That doesn’t mean that everything stays the same, of course, and this La Bohème will be different in several respects, according to stage director Nathan Troup.
“My responsibility is to help create or conceive an aesthetic for the production,” Troup said during a recent Zoom interview that also included conductor Andrew Bisantz, Eugene Opera executive director Erika Rauer, and Eugene Opera Orchestra principal oboist Cheryl Wefler.
His goal is to “converge the visual scenery and what the performers are doing,” Troup said, and the idea for this La Bohème is to advance the Parisian location by 100 years, from the original 1830s in which Giacomo Puccini set his tale of a poor embroiderer and her bohemian group of artistic friends.
“Even though the action is advanced a century, it addresses many of the same sets of circumstances,” Troup said. “Even with the difference in time, there still were many artistic people in the 1920s in the same situation — they were not flourishing financially, but they were carrying on their art and waiting for their turn to come.”
The physical setting for the opera also needs little adjustment, because the streets and buildings of Paris and many other ancient cities often haven’t changed much from one century to the next, and Troup suspects that probably in another hundred years there still will be garrets and gathering places where artists gather and exist together.

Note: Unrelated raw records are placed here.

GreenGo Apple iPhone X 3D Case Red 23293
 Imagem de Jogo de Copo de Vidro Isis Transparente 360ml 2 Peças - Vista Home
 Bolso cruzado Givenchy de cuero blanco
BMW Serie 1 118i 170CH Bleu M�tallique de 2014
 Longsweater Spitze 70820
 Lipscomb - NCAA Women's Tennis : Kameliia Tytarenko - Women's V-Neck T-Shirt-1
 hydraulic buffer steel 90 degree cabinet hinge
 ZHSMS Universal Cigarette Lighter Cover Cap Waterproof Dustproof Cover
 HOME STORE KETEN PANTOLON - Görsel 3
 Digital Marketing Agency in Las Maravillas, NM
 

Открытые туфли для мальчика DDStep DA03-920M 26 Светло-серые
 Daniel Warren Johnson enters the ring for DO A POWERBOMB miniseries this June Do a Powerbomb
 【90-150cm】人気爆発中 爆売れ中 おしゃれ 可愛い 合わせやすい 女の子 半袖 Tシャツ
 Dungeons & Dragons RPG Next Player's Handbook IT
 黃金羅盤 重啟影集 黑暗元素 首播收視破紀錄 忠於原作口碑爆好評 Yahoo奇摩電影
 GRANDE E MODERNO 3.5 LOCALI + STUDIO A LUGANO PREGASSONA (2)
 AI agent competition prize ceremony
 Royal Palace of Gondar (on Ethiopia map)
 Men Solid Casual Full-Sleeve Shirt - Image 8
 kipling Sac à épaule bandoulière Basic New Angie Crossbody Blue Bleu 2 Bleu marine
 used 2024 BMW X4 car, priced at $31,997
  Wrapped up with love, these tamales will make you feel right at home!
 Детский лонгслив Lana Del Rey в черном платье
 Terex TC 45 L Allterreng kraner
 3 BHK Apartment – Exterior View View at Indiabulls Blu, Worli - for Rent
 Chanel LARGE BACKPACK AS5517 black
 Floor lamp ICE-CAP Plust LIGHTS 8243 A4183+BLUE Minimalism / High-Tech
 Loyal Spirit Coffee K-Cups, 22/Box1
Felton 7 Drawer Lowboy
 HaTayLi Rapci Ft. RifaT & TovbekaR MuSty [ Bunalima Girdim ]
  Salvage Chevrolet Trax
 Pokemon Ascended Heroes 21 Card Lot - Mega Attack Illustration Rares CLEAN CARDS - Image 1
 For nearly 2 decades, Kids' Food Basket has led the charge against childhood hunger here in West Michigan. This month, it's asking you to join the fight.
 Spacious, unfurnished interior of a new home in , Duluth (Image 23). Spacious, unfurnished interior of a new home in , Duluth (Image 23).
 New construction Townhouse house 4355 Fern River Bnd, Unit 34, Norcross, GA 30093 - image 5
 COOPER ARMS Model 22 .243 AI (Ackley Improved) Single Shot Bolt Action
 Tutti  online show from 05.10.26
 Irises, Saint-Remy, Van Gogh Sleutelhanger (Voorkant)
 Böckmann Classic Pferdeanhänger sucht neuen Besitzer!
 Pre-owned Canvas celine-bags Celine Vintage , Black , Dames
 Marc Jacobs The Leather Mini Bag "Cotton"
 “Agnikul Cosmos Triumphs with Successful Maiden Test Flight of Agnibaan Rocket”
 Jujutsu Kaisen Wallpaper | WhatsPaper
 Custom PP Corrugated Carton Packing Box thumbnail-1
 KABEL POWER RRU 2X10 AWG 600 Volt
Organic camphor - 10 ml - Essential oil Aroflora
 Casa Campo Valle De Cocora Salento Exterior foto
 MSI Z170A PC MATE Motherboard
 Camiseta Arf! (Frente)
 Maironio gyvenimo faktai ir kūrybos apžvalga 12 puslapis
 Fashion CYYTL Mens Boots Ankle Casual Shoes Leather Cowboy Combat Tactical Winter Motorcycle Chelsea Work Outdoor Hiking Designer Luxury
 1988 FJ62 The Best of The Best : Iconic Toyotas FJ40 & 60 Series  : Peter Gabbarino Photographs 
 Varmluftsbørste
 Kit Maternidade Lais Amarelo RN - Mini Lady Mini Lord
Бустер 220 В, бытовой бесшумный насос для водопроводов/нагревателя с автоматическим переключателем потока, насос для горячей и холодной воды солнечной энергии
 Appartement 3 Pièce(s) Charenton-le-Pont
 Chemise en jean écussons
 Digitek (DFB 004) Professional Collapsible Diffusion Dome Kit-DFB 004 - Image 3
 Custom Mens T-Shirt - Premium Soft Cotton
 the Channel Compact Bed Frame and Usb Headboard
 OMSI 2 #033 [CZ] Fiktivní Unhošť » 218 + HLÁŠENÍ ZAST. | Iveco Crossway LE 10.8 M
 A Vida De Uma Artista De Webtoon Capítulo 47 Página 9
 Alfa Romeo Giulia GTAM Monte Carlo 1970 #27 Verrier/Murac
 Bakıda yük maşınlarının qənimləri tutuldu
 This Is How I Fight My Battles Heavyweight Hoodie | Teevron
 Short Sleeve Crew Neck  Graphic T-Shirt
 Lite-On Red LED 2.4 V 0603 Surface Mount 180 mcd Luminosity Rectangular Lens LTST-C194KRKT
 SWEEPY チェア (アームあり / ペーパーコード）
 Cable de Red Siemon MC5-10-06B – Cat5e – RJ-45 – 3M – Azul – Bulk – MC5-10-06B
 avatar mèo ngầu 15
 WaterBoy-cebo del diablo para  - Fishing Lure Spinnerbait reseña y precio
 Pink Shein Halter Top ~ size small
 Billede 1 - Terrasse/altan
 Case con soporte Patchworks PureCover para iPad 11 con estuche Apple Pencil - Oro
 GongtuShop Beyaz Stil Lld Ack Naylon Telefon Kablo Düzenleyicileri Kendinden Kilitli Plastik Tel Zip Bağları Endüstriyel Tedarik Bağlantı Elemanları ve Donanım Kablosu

“Obviously there are shifts in social norms and gender constructs, but you really don’t have to change much to connect to this timeless story of dreams, suffering, mortality,” he said. “Fashions and trends change more than people and places, and this is the way this story is still told.”
The story
The plot of La Bohème is not complicated. It is based on a novel by Henry Murger, titled Scenes de la vie de bohème, about four young bohemians artists — musician (Schaunard), painter (Marcello), philosopher (Colline), and poet (Rodolfo) — who live together in straitened circumstances in the Latin Quarter of Paris.
One night, Rodolfo stays behind while the other three go out to eat, and when he answers a knock on the door, he opens it to a young woman named Mimi, whose candle has gone out and needs someone to relight it. Once inside, she faints, and as Rodolfo revives her, his candle also goes out. She has dropped her key as she fainted, and they search for it in the dark. Rodolfo finds it but does not say so because he is so taken by her. He touches her hand in the dark and tells her that he is attracted to her. They fall in love.
After some time, Mimi’s health has declined significantly, and although she and Rodolfo by then are living together, their relationship begins to fray, in part because of his fears about her health. She overhears a conversation during which Rodolfo tells Marcello of his unhappiness and his wish to end the relationship. Mimi becomes distraught, but the two agree to remain together until the spring. After they separate, their mutual friends Marcello and his lover, Musetta, also break off their relationship.
Months later, the four artists gather for a meal, and Musetta suddenly breaks into the room to announce that Mimi is on the stairs, too sick and weak to come up. Rodolfo carries her in and lays her on the bed. The others leave, and Rodolfo and Mimi recall their early, happier days. The others return and busy themselves preparing a meal when Schaunard realizes Mimi has died and alerts the others. Rodolfo rushes to her side.
The music
Conductor Andrew Bisantz acknowledges that many opera companies repeat their offerings often, but it happens in large part because of the love of the audience for the familiar stories and songs.
“Besides that, every production has something that makes it a new experience,” Bisantz said. “And major works like La Bohème have such dramatic import for audiences that they remain very popular.”
He is happy with this rendition of La Bohème and its “slightly reccontextualized” modernity, in large part because by this time there is little or no connection between modern audiences and the 1830s of Puccini’s opera, even though it remains a crowd favorite.
Bisantz chronicles the history of Eugene Opera, which dates to early 1977, when Carmen was its first production. During the 1977-78 season, the lineup included The Maid as Mistress, HMS Pinafore, and Don Giovanni, followed in 1978-79 by The Pirates of Penzance and The Barber of Seville.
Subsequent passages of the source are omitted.